Single-turn evals are often too late for domain-specific, user-facing agents. The complaint rate is notoriously low. Most don't leave detailed thumbs-down reviews when an agent misses the mark. They get frustrated, go back and forth trying to get the right answer, and maybe abandon the thread altogether.
That distinction is everything, because:
- The more agentic the system becomes, the less a final-output eval actually covers. Evals might only cover 50% of the equation.
- Agents do not hallucinate because they are broken. They hallucinate because they are adapting to difficult task requirements under pressure to deliver.
- A 0-100 score means nothing without the ability to pattern match against the situation it happened in, or customize that grading for a specific definition of correct.
What Actually Closes the Loop
Domain-specific agents are user-facing, which means accuracy is always cumbersome to judge. The greatest signal is whether the user is getting the value they expected, and that is hard to know from a single-turn eval or a rare thumbs down.
There are two options:
- Wait for a user to report that the analysis was wrong, usually after they have already acted on it.
- Know the moment it happens and figure out why, so the issue gets caught before it spreads.
The second option is what keeps customers. Pulling it off requires three things happening together:
- Watching the decisions the agent makes inside each trace as they happen. Not after the fact, not in a periodic eval run, but in real time, as the agent is reasoning through a financial question or an insurance comparison. Whether it is making a convenient assumption due to a context gap, following the wrong internal formula, or massaging intermediate data to reach a coherent answer, the failure lives in the trace, not the output.

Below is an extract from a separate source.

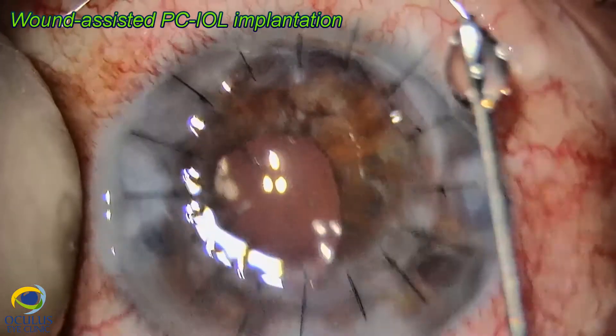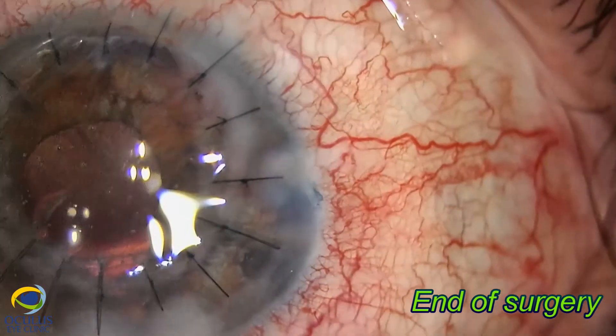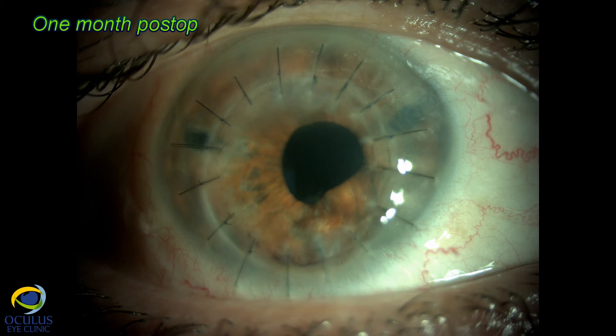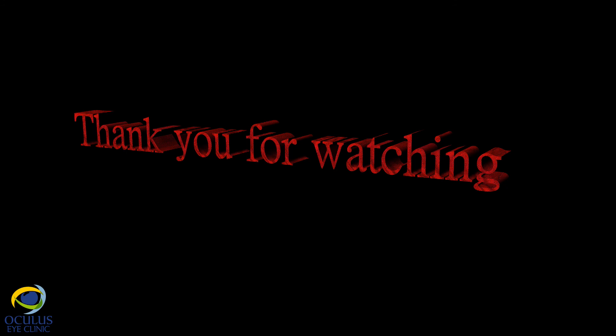I implanted an IQ IOL via wound-assisted technique through a 2.2 mm incision. One month post-operatively, the eye showed a nice clear graft, good IOP, a well-centered IOL, no inflammation, and a quiet eye. Thank you for watching.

- Picking up the implicit signals users give outside the output itself. A user who rephrases the same question three times, who keeps narrowing their request, or who abandons a thread and starts over is telling you something. These signals do not show up in a thumbs down. They show up in the pattern of how users interact with the agent across a session.
- Customization. Depending on the situation, a generic eval suite will not capture what "correct" means for a specific fund's investment thesis, or what "complete" means for a specific carrier's reconciliation format. Enterprise customers have their own thresholds, their own terminology, and their own expectations. Production monitoring has to be configurable at that level to be useful.
Nexus automates all of this. Silent errors compound fast. A string of convenient but wrong answers leads directly to eroded trust, and by the time it shows up in an eval dashboard, it has already shown up in churn.
The teams that get this right are the ones that stop waiting for the output to look wrong and start catching the compromises in live traffic, tied directly to whether the user got what they expected, before a complaint ever lands.